Smaller and mid-sized flats continued to outperform, buoyed by resilient demand from owner-occupiers, and two- to three-bedroom units made up over 80 percent of total transactions, said Martin Wong, senior director and head of research and consultancy at Knight Frank Greater China.
In contrast, buyers remained cautious toward larger and luxury homes, where activity was limited to sporadic deals, Wong noted.
Home prices fell about 0.9 percent in the first half but have stabilized now, according to Wong. Buyers prefer new homes as developers align pricing with market conditions, while the secondary market remains subdued.

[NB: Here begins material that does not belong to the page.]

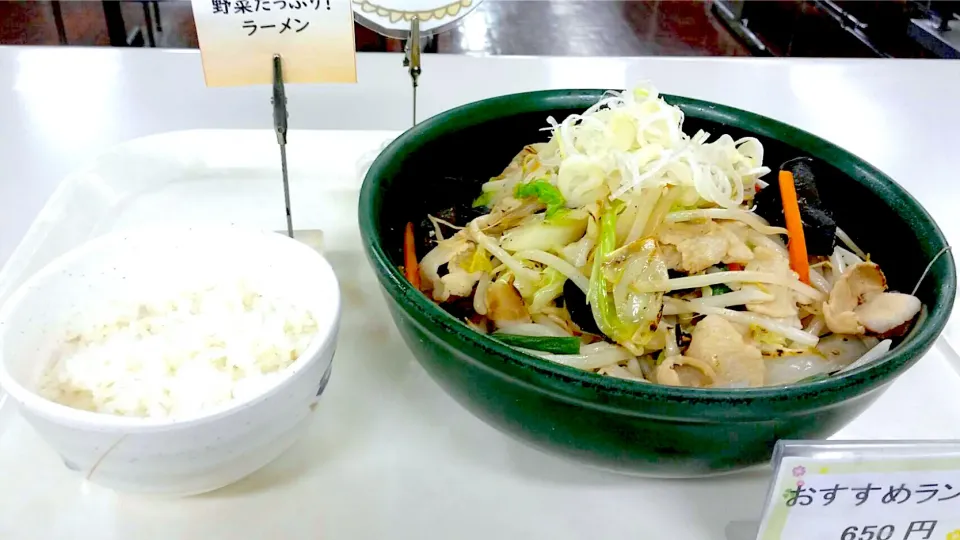 Snapdishの料理写真:野菜たっぷりラーメンライスセット|nyama1さん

He expects market sentiment to improve in the second half of the year, helped by developers stepping up efforts to clear unsold inventory, a gradual drop in the volume of unsold units, and the prospect of lower interest rates, all of which could help stimulate demand.
Wong forecasts total private residential transactions, including new and second-hand homes, to reach 58,000 to 60,000 this year, with primary market deals comprising about 40 percent. Overall home prices are expected to remain flat or decline slightly.
He also anticipates a steady rental trend that may hit a record high, with increases of 3 to 5 percent, slightly above last year's 3.5 percent rise.